Ces mots, s’ils sont la seule motivation d’une personne qui aide un étranger à entrer ou à vivre en France, devraient suffire à empêcher la loi pénale de frapper comme elle le fait pourtant en France.
Le "délit de solidarité" a fêté ses 80 printemps le 2 mai 2018. C’est aujourd’hui l’article L 622-1 du CESEDA qui le réprime encore malgré les réformes successives et les polémiques que son application succite.

Ce « délit de solidarité » trouve sa première définition dans le décret-loi du 2/5/1938 dans un climat particulièrement xénophobe sous le gouvernement Daladier. On dit « délit de solidarité », mais ce mot n’existe pas dans notre droit.
Dans ce décret-loi, le délit est défini ainsi : « Tout individu qui par aide directe ou indirecte aura facilité ou tenté de faciliter l’entrée ou le séjour irréguliers d’un étranger sera puni d’une peine d’emprisonnement de un mois à un an ».

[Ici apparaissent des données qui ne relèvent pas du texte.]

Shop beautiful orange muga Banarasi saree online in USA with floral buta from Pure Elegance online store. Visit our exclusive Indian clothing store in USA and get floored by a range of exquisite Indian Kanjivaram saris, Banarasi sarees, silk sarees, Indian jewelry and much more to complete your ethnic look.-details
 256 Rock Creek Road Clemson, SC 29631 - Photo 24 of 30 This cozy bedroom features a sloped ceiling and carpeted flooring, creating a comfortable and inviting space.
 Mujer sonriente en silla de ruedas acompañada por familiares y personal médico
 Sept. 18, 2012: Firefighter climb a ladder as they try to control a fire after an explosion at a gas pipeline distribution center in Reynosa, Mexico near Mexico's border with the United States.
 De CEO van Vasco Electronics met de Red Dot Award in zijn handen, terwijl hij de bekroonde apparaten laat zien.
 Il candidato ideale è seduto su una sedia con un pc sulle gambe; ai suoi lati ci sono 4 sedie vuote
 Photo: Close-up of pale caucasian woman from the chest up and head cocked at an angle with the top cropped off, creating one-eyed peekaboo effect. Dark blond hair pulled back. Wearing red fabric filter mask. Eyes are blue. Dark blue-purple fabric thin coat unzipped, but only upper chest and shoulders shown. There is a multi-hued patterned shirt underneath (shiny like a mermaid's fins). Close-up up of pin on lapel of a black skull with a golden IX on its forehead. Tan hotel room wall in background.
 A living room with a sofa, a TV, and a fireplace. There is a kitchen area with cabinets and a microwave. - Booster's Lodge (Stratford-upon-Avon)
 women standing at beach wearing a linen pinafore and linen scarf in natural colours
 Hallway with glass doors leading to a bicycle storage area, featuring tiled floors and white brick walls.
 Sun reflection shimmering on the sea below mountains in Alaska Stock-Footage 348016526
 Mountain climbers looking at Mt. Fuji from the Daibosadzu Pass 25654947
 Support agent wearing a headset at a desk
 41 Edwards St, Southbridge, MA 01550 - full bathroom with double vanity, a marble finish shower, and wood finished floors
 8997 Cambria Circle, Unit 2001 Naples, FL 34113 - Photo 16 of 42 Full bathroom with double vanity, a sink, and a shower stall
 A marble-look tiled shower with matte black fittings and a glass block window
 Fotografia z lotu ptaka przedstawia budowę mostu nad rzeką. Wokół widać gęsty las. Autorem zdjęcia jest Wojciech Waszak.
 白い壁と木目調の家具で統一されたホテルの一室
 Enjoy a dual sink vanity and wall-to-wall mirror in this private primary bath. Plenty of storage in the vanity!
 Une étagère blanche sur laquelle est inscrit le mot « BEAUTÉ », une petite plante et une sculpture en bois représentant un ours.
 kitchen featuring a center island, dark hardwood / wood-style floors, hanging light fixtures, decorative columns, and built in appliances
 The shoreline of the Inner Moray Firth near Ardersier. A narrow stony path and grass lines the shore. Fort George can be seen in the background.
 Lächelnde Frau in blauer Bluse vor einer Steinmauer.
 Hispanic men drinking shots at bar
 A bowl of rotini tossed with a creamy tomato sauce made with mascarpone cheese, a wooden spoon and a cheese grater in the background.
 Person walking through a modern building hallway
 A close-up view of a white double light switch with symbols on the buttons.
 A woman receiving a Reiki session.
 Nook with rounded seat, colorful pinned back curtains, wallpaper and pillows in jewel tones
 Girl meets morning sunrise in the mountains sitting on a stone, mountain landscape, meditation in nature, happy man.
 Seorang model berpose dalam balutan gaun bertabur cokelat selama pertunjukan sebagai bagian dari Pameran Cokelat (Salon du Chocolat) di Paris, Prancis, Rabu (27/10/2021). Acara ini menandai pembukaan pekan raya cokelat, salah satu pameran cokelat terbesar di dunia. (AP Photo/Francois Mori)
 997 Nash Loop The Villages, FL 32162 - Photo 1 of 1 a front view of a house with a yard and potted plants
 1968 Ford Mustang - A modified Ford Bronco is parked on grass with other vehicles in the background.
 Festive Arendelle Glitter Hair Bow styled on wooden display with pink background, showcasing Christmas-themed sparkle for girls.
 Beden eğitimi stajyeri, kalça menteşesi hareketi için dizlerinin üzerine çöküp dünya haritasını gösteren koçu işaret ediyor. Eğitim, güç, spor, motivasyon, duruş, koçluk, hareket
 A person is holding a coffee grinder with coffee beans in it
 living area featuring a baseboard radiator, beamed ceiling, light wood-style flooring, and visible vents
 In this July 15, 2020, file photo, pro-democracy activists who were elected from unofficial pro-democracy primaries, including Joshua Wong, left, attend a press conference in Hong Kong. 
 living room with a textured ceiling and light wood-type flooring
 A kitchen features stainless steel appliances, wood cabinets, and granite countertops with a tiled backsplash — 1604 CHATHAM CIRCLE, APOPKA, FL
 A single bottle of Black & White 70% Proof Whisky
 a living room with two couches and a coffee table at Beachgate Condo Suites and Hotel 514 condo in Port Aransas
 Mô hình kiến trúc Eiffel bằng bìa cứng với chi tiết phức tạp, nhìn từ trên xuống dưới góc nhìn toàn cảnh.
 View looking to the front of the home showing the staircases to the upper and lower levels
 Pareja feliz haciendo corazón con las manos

Le gouvernement vise dès l’origine les « trafics » autour de ces « étrangers indésirables ».

C’est l’aide à l’entrée, à la circulation ou au séjour irréguliers de l’article 12 de l’ordonnance du 2/11/1945, et de l’article L 622-1 du CESEDA désormais. Le quantum des peines a été progressivement augmenté.

Dans l’ordonnance du 2/11/1945, on ajoute la peine d’amende à la peine de prison (de 600 F à 12 000 F).
Puis dans la loi du 10/7/1976, la peine de prison encourue est doublée tandis que la peine d’amende encourue passe de 2000 à 200.000 F. Sont ajoutées des peines complémentaires comme l’interdiction de séjour, la suspension du permis de conduire, la confiscation du véhicule, ou le retrait d’autorisation d’exploiter un service de transports. C’est à partir de la loi du 31/12/1991 qu’on arrive à la peine de 5 ans d’emprisonnement qui est la peine prévue encore aujourd’hui. Les peines complémentaires d’interdiction du territoire pendant 10 ans, d’interdiction professionnelle, et de confiscation des produits de l’infraction sont alors introduites dans la loi.

Comme tout ça est motivé par la lutte contre les passeurs, employeurs, transporteurs et autres marchands de sommeil, on permet enfin et logiquement, par une loi du 20/12/1993, que le délit puisse être reproché aux personnes morales.

Cette vaste définition de l’infraction n’a jamais été modifiée.

Pourtant une aide directe ou indirecte à l’entrée, la circulation ou le séjour, c’est tellement de choses différentes et éloignées des trafics visés par ce texte.
Louer un studio à un « sans papier », indirectement, c’est l’aider au séjour. Permettre qu’il recharge son portable, le prendre en stop, lui donner à manger, indirectement, c’est l’aider à circuler ou séjourner en France.
Le 2/3/2004, le Conseil Constitutionnel a même dû préciser que les organismes humanitaires d’aide aux étrangers n’étaient pas des « bandes organisées ».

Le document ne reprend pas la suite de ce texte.